======== Listed entries ========

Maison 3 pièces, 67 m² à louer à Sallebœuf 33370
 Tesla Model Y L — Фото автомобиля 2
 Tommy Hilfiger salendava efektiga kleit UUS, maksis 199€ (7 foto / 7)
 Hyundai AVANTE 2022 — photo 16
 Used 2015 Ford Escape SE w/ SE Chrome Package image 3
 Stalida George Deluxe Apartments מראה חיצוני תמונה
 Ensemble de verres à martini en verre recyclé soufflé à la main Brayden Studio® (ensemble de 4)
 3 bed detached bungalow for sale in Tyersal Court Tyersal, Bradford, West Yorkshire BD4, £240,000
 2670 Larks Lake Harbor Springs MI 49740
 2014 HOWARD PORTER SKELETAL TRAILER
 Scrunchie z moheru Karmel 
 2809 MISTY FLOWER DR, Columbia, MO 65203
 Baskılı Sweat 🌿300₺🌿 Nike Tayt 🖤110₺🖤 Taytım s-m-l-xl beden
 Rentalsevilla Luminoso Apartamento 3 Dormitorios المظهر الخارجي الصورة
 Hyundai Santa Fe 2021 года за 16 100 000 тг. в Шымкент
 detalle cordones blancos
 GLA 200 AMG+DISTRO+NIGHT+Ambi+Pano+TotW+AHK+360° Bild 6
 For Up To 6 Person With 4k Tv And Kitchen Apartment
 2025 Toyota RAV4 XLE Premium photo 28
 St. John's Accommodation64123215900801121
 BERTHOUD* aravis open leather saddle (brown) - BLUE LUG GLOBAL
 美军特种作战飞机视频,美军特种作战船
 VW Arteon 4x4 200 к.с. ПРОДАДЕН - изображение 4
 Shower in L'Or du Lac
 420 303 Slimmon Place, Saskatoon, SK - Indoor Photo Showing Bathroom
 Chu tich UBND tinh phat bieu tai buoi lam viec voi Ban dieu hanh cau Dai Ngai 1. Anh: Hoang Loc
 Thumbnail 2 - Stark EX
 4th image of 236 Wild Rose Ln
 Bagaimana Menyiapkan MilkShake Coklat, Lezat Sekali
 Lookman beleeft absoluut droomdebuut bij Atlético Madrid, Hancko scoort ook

========

Count the lines above with the string "image"; report only that figure.

* Answer to the problem
2